Brian McCollum, Boone County collector, is still unsure about the net effect of TIFs in Columbia and whether that net is positive or negative. “These things can go on for 23 years,” he says. “I’m not sure, until I saw the numbers, how many dollars actually get redirected and how much, in 23 years, that assessment changes normally.”
McCollum provided the numbers for The Tiger in 2013 and The Broadway in 2014: between the two, $403,588.47 was redirected to TIF. McCollum said that sales tax revenue would be a good indicator of catalytic TIF impact, but that can be hard to sort as well. In an email, County Assessor Tom Schauwecker wrote: “There is no empirical evidence to support the theory that a TIF has had a positive impact on surrounding properties in downtown Columbia. Proximity to the University of Missouri campus and unprecedented growth in student enrollment has enhanced the demand for property downtown.”
In December, the County won the lawsuit against the city. Judge Gary Oxenhandler ruled that Columbia had violated reporting procedures required for TIFs; as of mid-February, Columbia is banned from creating new TIF projects until 2020. The city appealed the ruling to the Missouri Court of Appeals’ Western District.
Almost concurrently with the lawsuit decision, the hotel TIFs suffered a setback. Following a request from the TIF Commission, the city’s finance department discovered that the two TIFs had been receiving too much sales tax money, due to a legal misinterpretation. The TIFs had been receiving sales tax revenue on hotel room stays, which are exempt under state law (Lynn Cannon, the city’s assistant finance director, characterized the state statute as “somewhat vague”). The taxing entities will reclaim $104,509 from the Tiger TIF and $91,789 from the Regency TIF.
The refund is bad news for all parties. The developers will be paid back slower, which means the tax rates will stay frozen for longer.
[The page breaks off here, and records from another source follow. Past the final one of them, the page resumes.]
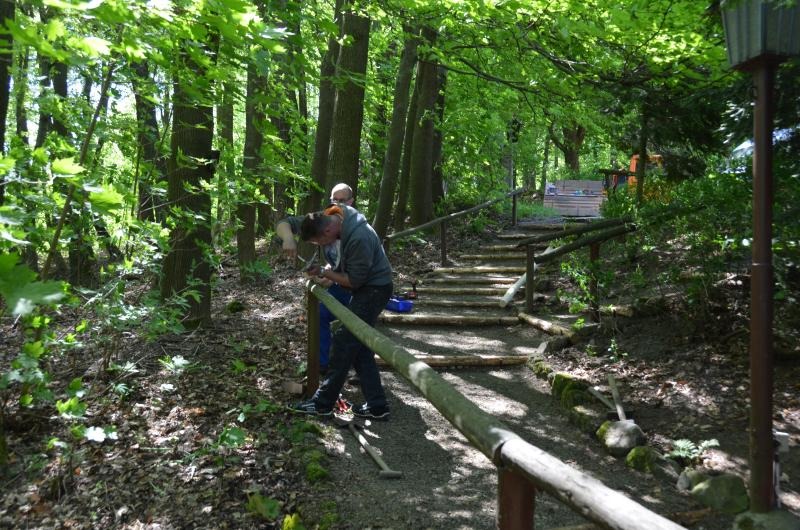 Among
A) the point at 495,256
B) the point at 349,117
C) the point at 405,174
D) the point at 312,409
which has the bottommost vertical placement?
the point at 312,409

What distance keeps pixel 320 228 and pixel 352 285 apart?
0.56 meters

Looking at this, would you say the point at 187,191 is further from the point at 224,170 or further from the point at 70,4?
the point at 70,4

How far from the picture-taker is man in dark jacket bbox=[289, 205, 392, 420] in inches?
210

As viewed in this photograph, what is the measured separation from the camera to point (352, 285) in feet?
17.9

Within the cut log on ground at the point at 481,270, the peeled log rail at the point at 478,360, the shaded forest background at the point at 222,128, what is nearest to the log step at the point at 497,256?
the cut log on ground at the point at 481,270

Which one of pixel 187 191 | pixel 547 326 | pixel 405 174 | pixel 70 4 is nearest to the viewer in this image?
pixel 70 4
Parmley says that he was disappointed — but not particularly surprised — by the misinterpretation and its “significant” financial effect on the TIF. He’s unruffled by the city-county dispute, at least in its relation to the two hotel projects. “It appears that the technicality the city failed to report was some annual requirement,” he says. “It seemed to me that it didn’t have much to do with the two TIF projects as much as [the city and county] trying to negotiate with each other over past issues.”
St. Romaine says that the public debate comes down to a difference in “the philosophical understanding of what a TIF is.” When asked what the city’s understanding was, he says, “It enables projects to occur that otherwise would not.”
TIF’s future in Columbia is unclear for now. Two of these projects are now embedded and healthy in the downtown economy. Two hotels now help keep more travelers in the economic center of the city. But TIF is complicated.